─── DATASET CONTENT
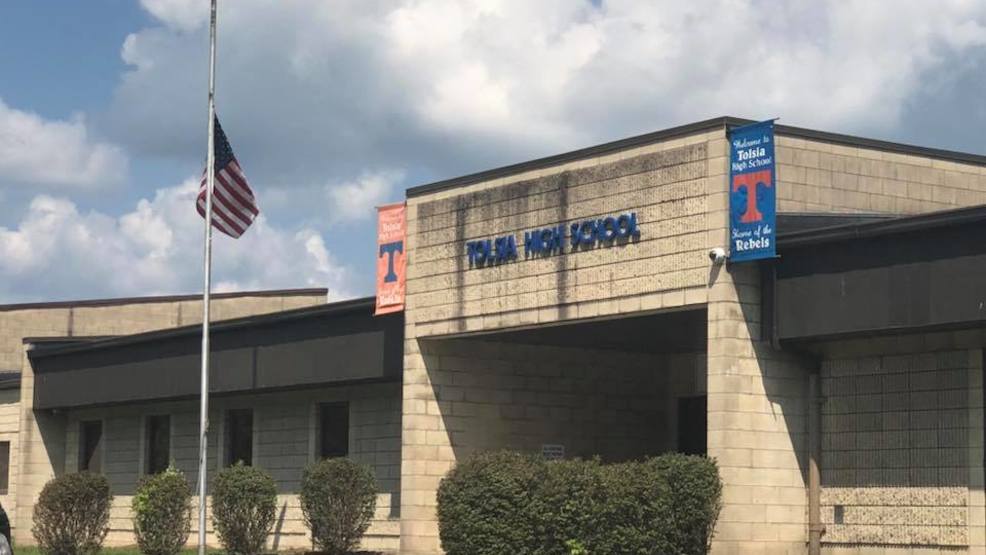 Investigation under way after Tolsia High principal accused of sharing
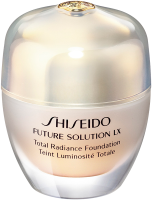 Shiseido Future Solution LX Total Radiance Foundation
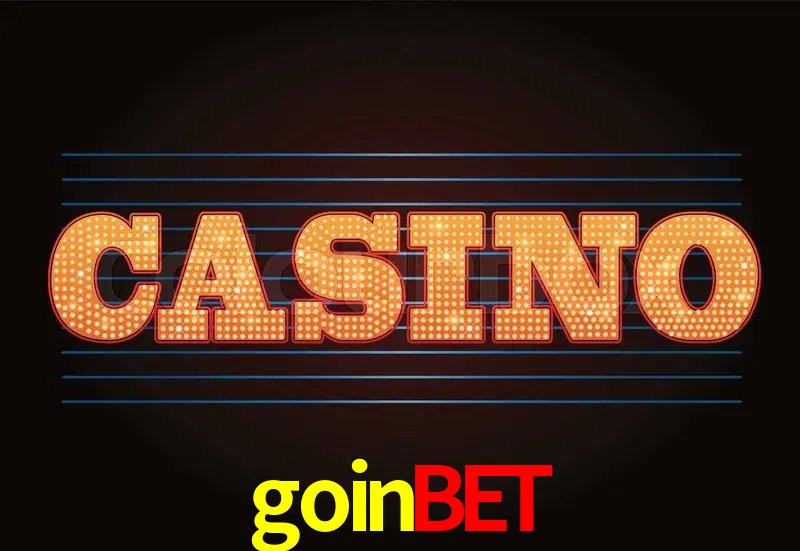 Recursos de Bônus goinbet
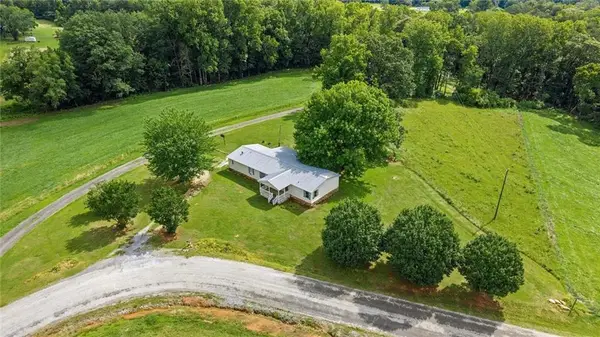 40 Clackum Drive, Waco, GA 30182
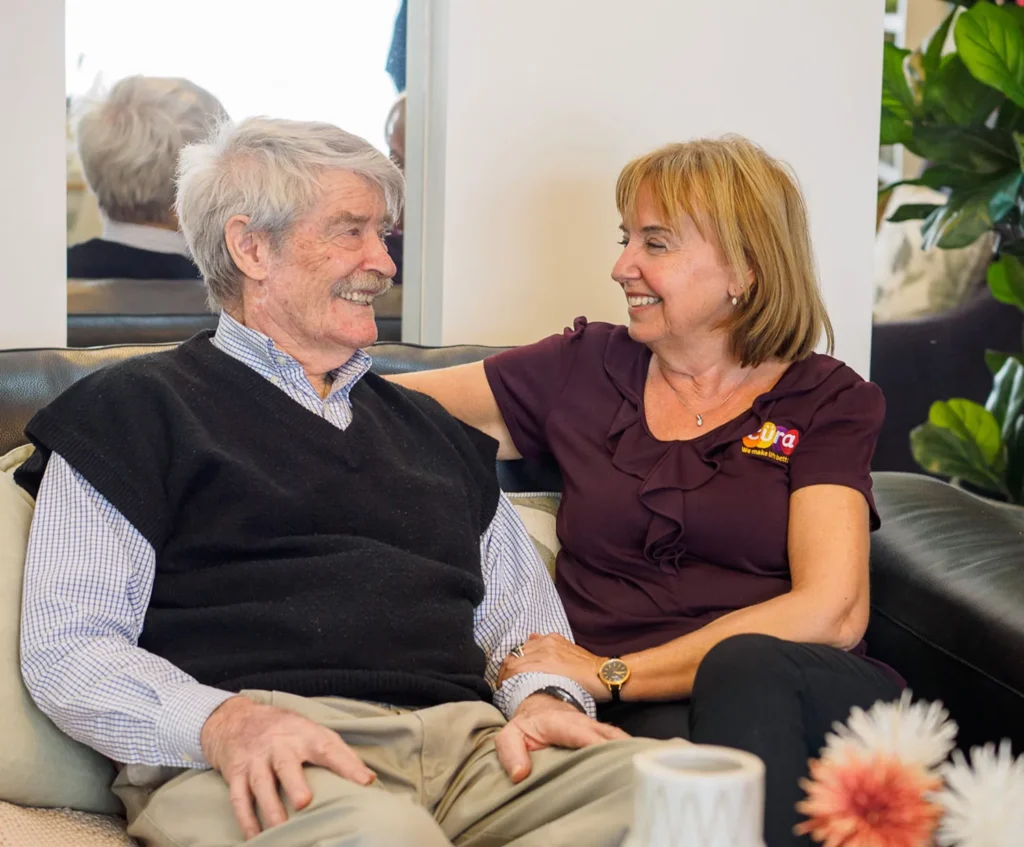 Affordable Aged Care Services in Sydney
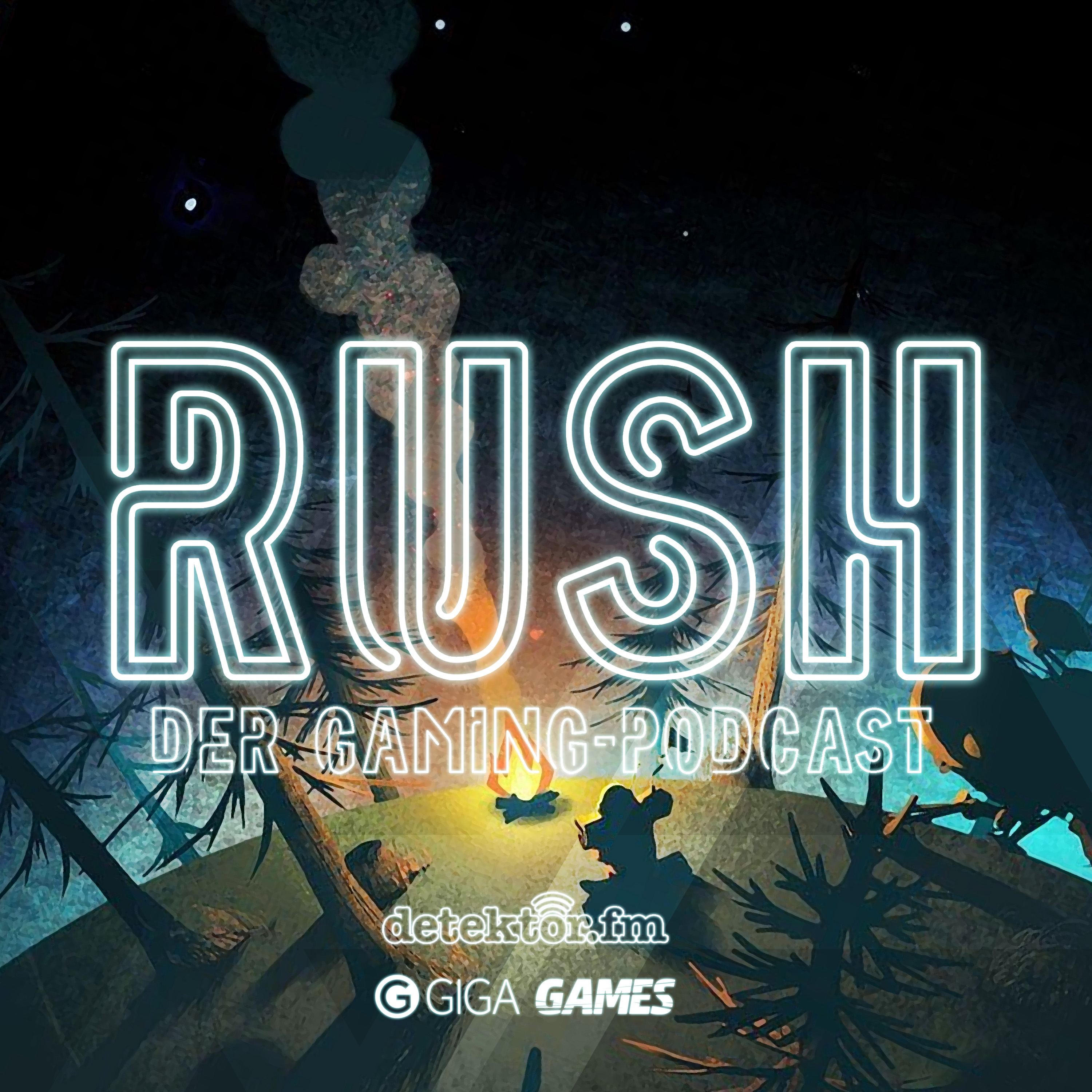 RUSH | Outer Wilds - Das beste Spiel des Jahres?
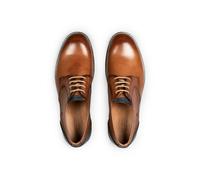 LLOYD Herren - DOMINO camel/atlantic blue - Gr. - 9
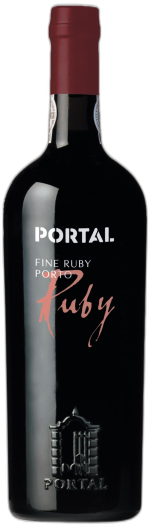 Portal Fine Ruby Port doc 'Portal'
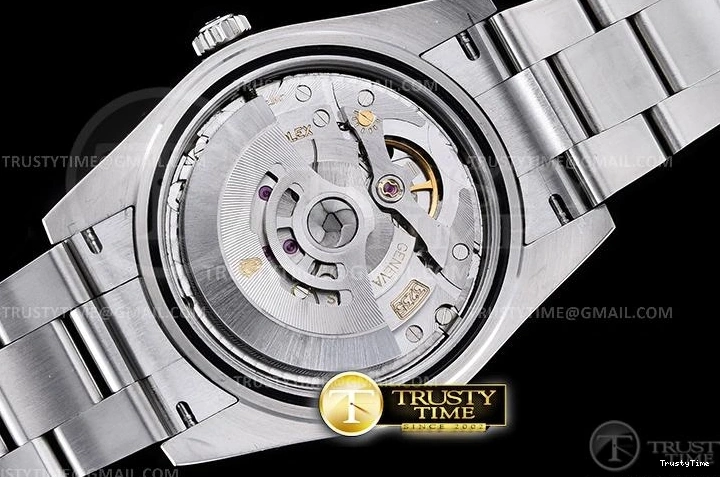 1101 R2DJ0253F – DJ2 41mm Oyst Affordable 648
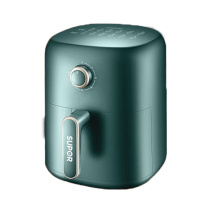 苏泊尔 SUPOR 空气炸锅 KJ35D701 3.5L (莫兰迪绿)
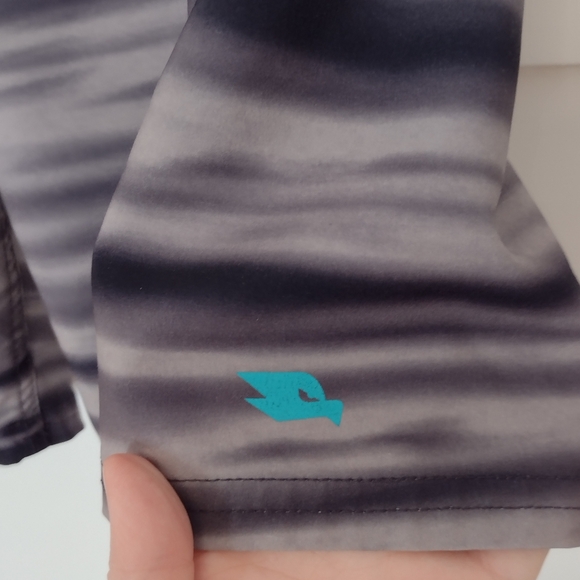 Tony Hawk Men's Board Shorts - Picture 5 of 7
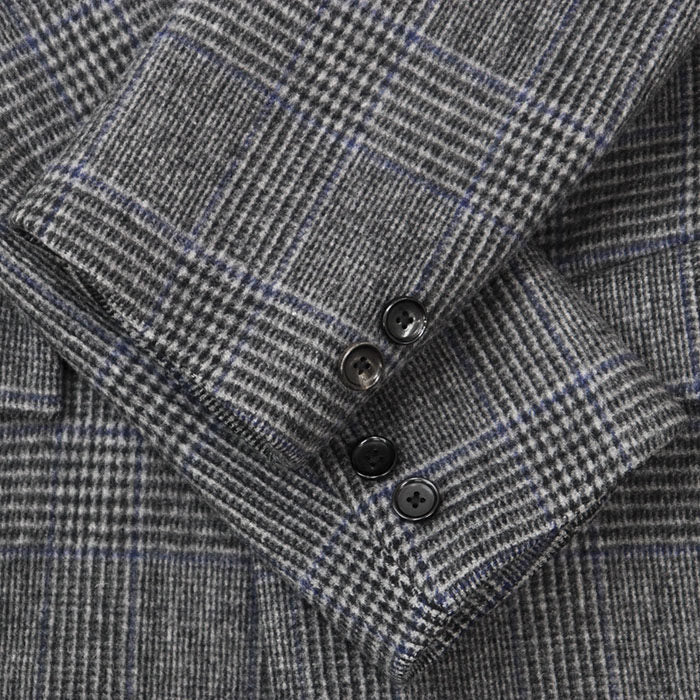 ビューティ&ユースユナイテッドアローズ EXTRA FINE WOOL 120’s コート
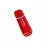 USB flash drive ADATA UV150 Red, 64GB, USB3.0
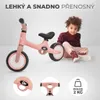 Kinderkraft TOVE Bicicletta senza pedali per bambini con Anteprima dell’immagine prodotto 10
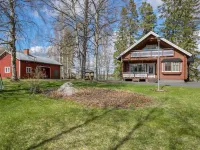 Järvilehto Hotels in 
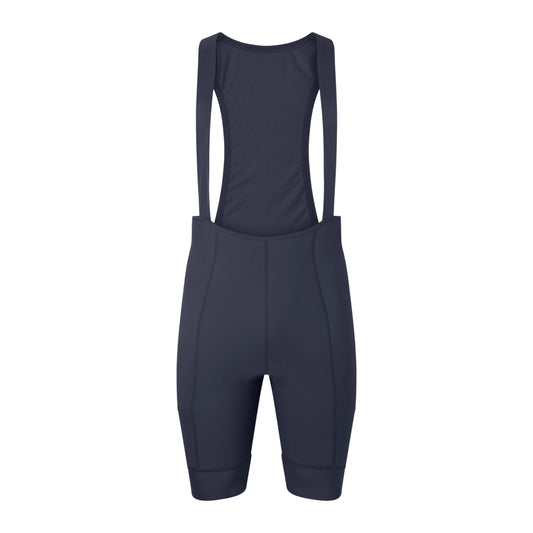 ENDURA LOOP Carbon Bib Short Grey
──────
- [WORK REQUEST]: What is needed is an exact copy of only the lines from the line containing "40 Clackum Drive, Waco, GA 30182" through the last line of the entries, inclusive, without the pictures.

- [YOUR SOLUTION]:
 40 Clackum Drive, Waco, GA 30182
 Affordable Aged Care Services in Sydney
 RUSH | Outer Wilds - Das beste Spiel des Jahres?
 LLOYD Herren - DOMINO camel/atlantic blue - Gr. - 9
 Portal Fine Ruby Port doc 'Portal'
 1101 R2DJ0253F – DJ2 41mm Oyst Affordable 648
 苏泊尔 SUPOR 空气炸锅 KJ35D701 3.5L (莫兰迪绿)
 Tony Hawk Men's Board Shorts - Picture 5 of 7
 ビューティ&ユースユナイテッドアローズ EXTRA FINE WOOL 120’s コート
 USB flash drive ADATA UV150 Red, 64GB, USB3.0
 Kinderkraft TOVE Bicicletta senza pedali per bambini con Anteprima dell’immagine prodotto 10
 Järvilehto Hotels in 
 ENDURA LOOP Carbon Bib Short Grey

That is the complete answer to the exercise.